BERNARD, Sir Robert, 3rd Bt. (d.1703), of Brampton Park, Hunts.

Published in The History of Parliament: the House of Commons 1660-1690, ed. B.D. Henning, 1983
Available from Boydell and Brewer

Constituency

Dates

Family and Education

o.s. of John Bernard by 1st w. m. 26 May 1692, Anne, da. of Robert Weldon, mercer, of Fleet Street, London, 1s. 5da. suc. fa. as 3rd Bt. 25 June 1679.1

Offices Held

Dep. lt. Hunts. Mar. 1688-d., j.p.
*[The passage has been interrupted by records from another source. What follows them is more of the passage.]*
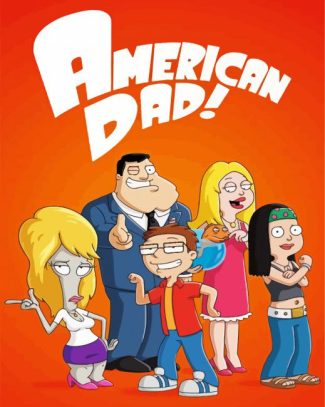 American dad Animated Movie Diamond painting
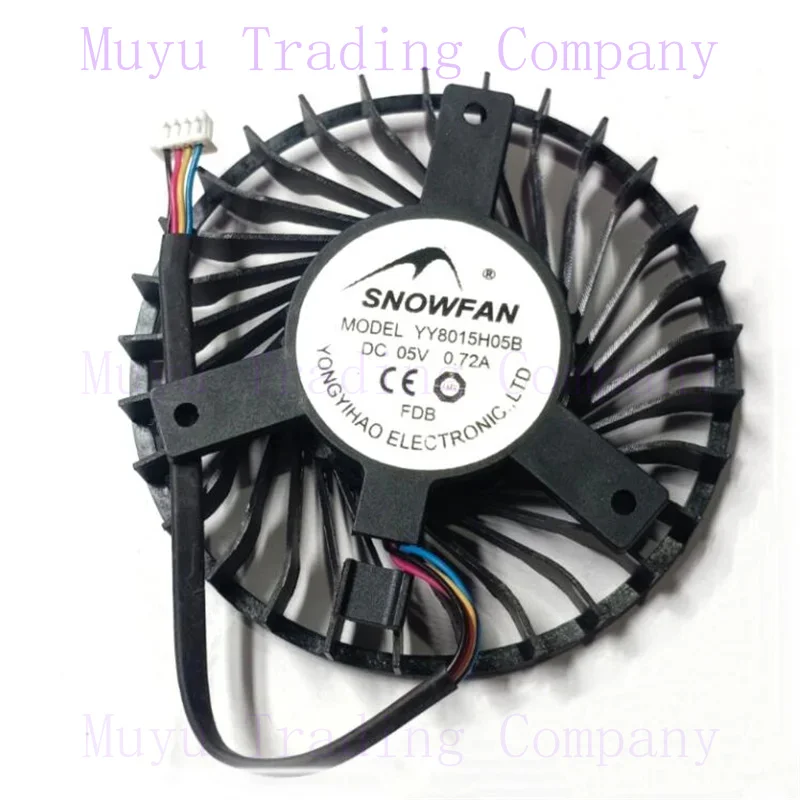 

Для SNOWFAN YY8015H05B equilateral, расстояние между отверстиями 45 мм, а, постоянный ток 5 В, большой объем воздуха, 4-проводной охлаждающий вентилятор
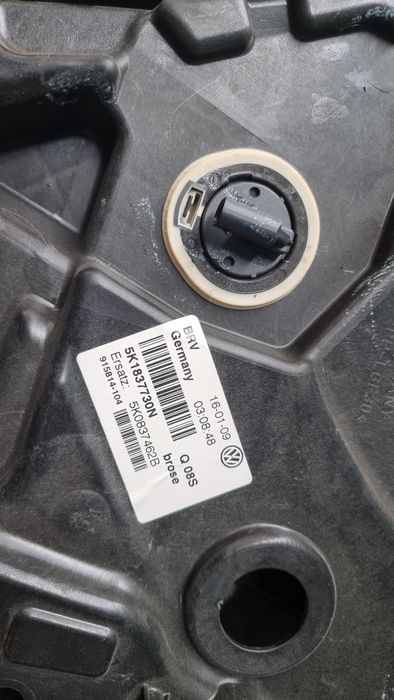 Elevador e motor do vidro dianteiro direito VWGolf VI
Oct. 1688-d., commr. for assessment 1689-90; sheriff, Cambs. and Hunts. 1691-2.

Biography

Bernard was pricked as sheriff in November 1688, probably soon after he came of age, but was replaced a few days later. He was probably the ‘Sir Robert Barton’ who was in arms under the 4th Earl of Manchester for William of Orange at the end of the month. He was elected to the Convention as knight of the shire, but he was not an active Member. He may have been appointed (as ‘Mr Bernard’) to the committee on the leather trade on 8 Aug. 1689. Although presumably a Whig, he did not support the disabling clause in the bill to restore corporations, and apparently never stood again. He nominated his uncles, Sir Walter St. John and Francis St. John as trustees under his will, and by a codicil bequeathed the living of Hemingford Abbots to his ‘loving friend’ the vicar of Brampton. He died on 26 July 1703. His son, the 4th baronet, apparently had no parliamentary ambitions, but his grandson sat for the county from 1765 to 1768, and later for Westminster as a radical.2

Ref Volumes: 1660-1690

Author: E. R. Edwards

Notes

  • 1. M. Noble, Mems. Cromwell Fam. ii. 31, Misc. Gen. et Her. i. 79; Mar. Lic. (Harl. Soc. xxxi), 222.
  • 2. Lansd. 921, f. 11; Hatton Corresp. (Harl. Soc. n.s. xxiii), 116; PCC 84 Degg.